> _Record excerpts_

++++++

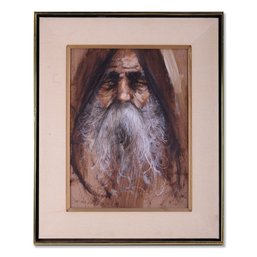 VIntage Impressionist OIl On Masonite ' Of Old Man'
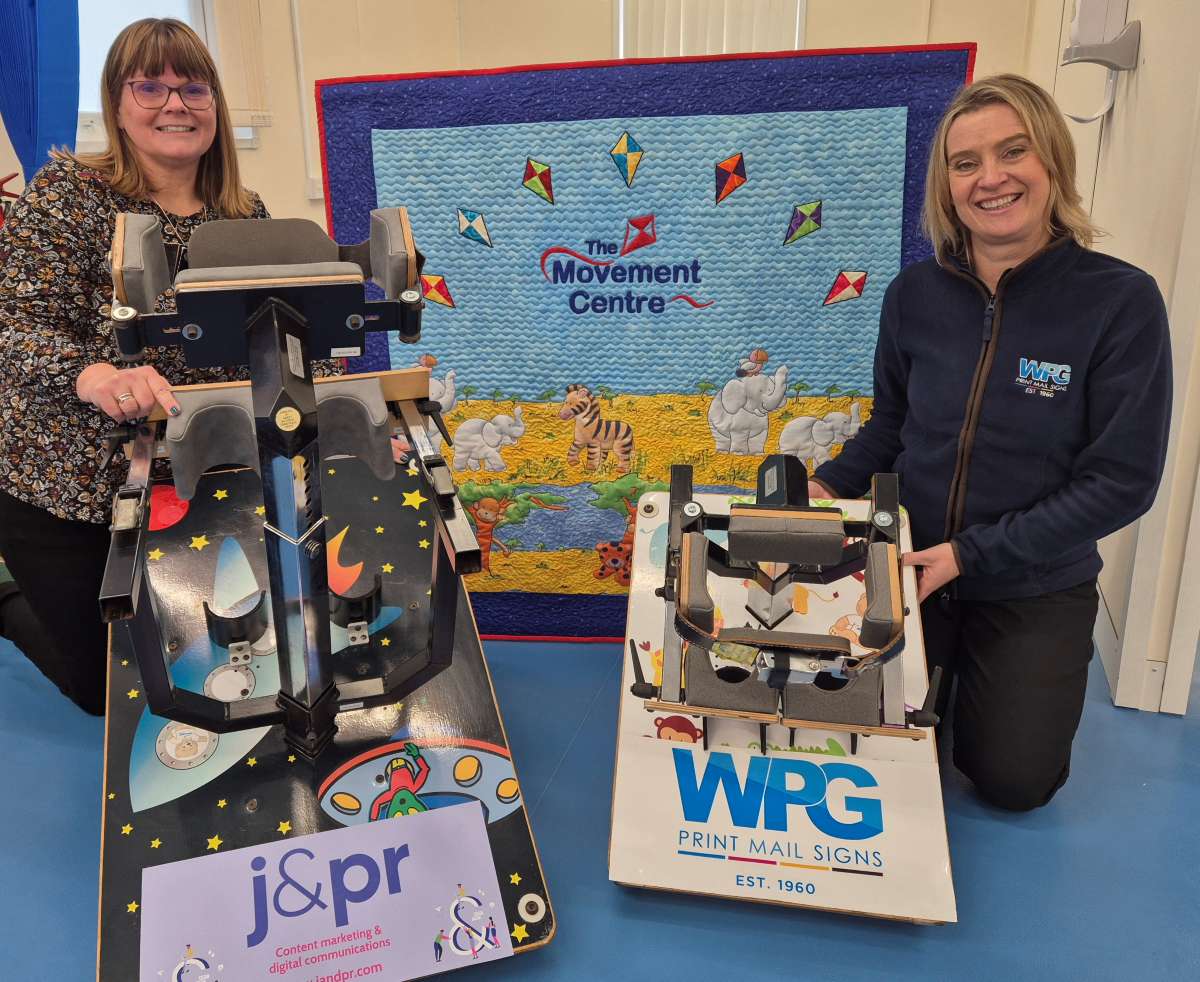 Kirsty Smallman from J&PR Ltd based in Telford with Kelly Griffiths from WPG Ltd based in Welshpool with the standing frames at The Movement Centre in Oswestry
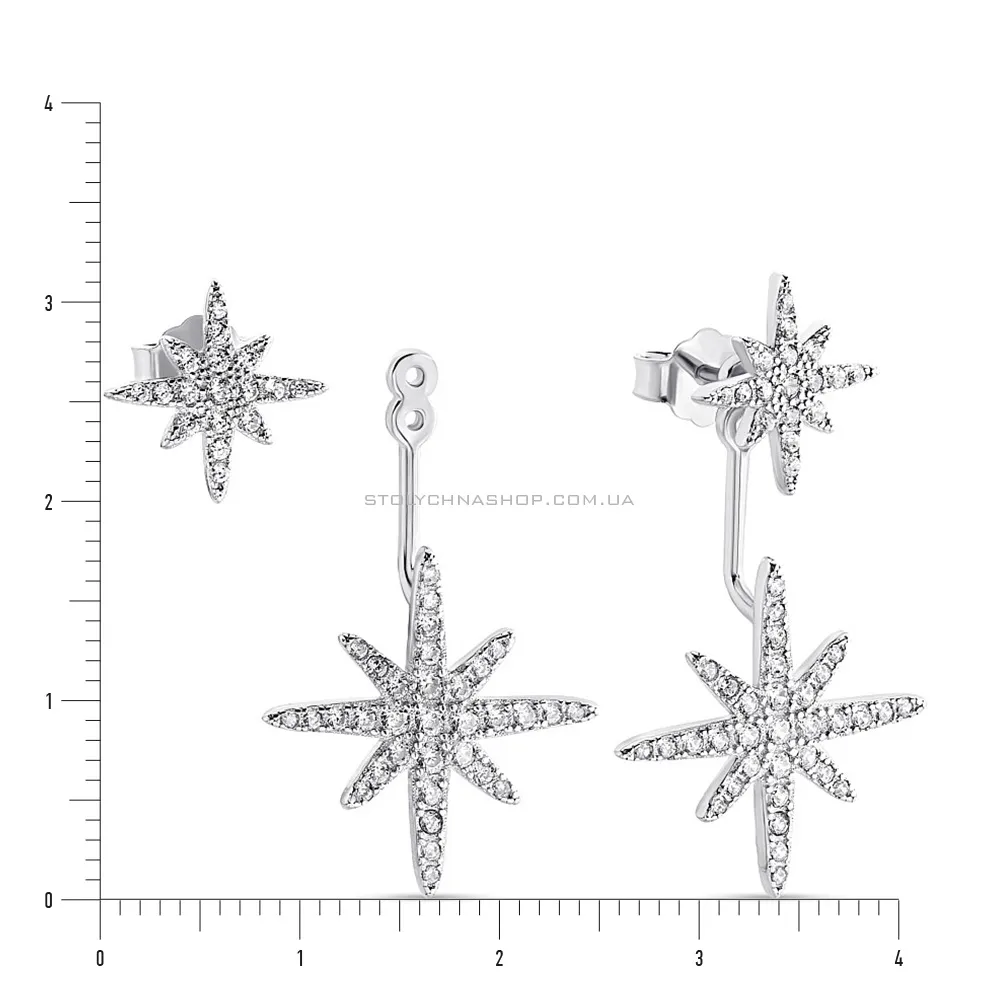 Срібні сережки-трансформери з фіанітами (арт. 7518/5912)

++++++

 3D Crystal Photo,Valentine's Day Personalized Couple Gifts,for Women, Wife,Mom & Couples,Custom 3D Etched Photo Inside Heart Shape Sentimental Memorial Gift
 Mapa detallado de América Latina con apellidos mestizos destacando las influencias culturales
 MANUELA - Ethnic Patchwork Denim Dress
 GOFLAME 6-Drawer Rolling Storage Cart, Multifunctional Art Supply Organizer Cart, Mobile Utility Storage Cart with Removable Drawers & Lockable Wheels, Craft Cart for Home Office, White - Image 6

++++++

> _Goal of the exercise_
In the listing above, the required lines run from the line with "VIntage Impressionist OIl" through the line with "Срібні сережки-трансформери з". Output exactly those lines, omitting pictures.

> _Reply to the exercise_
 VIntage Impressionist OIl On Masonite ' Of Old Man'
 Kirsty Smallman from J&PR Ltd based in Telford with Kelly Griffiths from WPG Ltd based in Welshpool with the standing frames at The Movement Centre in Oswestry
 Срібні сережки-трансформери з фіанітами (арт. 7518/5912)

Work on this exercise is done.